Short descriptive text snippets
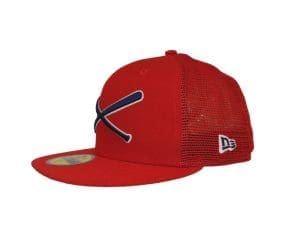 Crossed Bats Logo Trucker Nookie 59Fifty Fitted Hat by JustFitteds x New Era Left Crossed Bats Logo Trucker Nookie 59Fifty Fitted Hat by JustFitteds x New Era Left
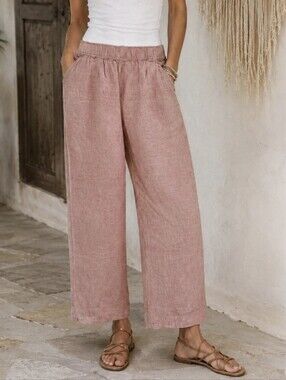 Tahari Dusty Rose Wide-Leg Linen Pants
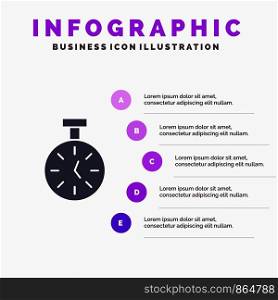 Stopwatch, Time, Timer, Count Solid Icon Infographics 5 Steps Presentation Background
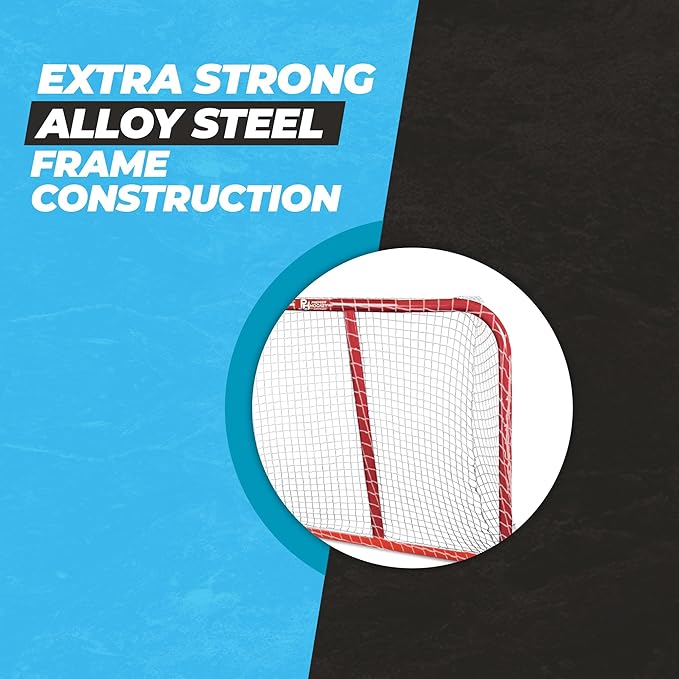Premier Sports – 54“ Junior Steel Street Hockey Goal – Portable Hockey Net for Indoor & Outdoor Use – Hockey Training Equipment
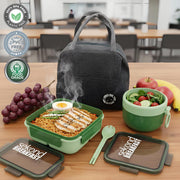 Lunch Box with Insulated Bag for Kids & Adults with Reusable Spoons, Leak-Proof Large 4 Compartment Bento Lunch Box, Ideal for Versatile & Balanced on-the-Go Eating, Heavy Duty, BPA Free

**Problem details**
The answer must be an exact copy of the records, with no pictures in it.

**Answer section**
 Crossed Bats Logo Trucker Nookie 59Fifty Fitted Hat by JustFitteds x New Era Left Crossed Bats Logo Trucker Nookie 59Fifty Fitted Hat by JustFitteds x New Era Left
 Tahari Dusty Rose Wide-Leg Linen Pants
 Stopwatch, Time, Timer, Count Solid Icon Infographics 5 Steps Presentation Background
Premier Sports – 54“ Junior Steel Street Hockey Goal – Portable Hockey Net for Indoor & Outdoor Use – Hockey Training Equipment
 Lunch Box with Insulated Bag for Kids & Adults with Reusable Spoons, Leak-Proof Large 4 Compartment Bento Lunch Box, Ideal for Versatile & Balanced on-the-Go Eating, Heavy Duty, BPA Free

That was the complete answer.